Adversaries may compromise email accounts that can be used during targeting. Adversaries can use compromised email accounts to further their operations, such as leveraging them to conduct Phishing for Information, Phishing, or large-scale spam email campaigns. Utilizing an existing persona with a compromised email account may engender a level of trust in a potential victim if they have a relationship with, or knowledge of, the compromised persona. Compromised email accounts can also be used in the acquisition of infrastructure (ex: Domains).
A variety of methods exist for compromising email accounts, such as gathering credentials via Phishing for Information, purchasing credentials from third-party sites, brute forcing credentials (ex: password reuse from breach credential dumps), or paying employees, suppliers or business partners for access to credentials. Prior to compromising email accounts, adversaries may conduct Reconnaissance to inform decisions about which accounts to compromise to further their operation. Adversaries may target compromising well-known email accounts or domains from which malicious spam or Phishing emails may evade reputation-based email filtering rules.

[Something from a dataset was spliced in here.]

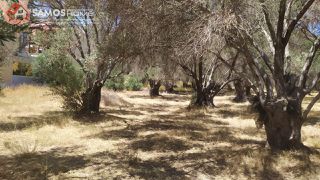 Land plot 1.630 sqm for sale, Samos Prefecture, Samos-thumb-4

Adversaries can use a compromised email account to hijack existing email threads with targets of interest.
This technique cannot be easily mitigated with preventive controls since it is based on behaviors performed outside of the scope of enterprise defenses and controls.
Much of this activity will take place outside the visibility of the target organization, making detection of this behavior difficult. Detection efforts may be focused on related stages of the adversary lifecycle, such as during Initial Access (ex: Phishing).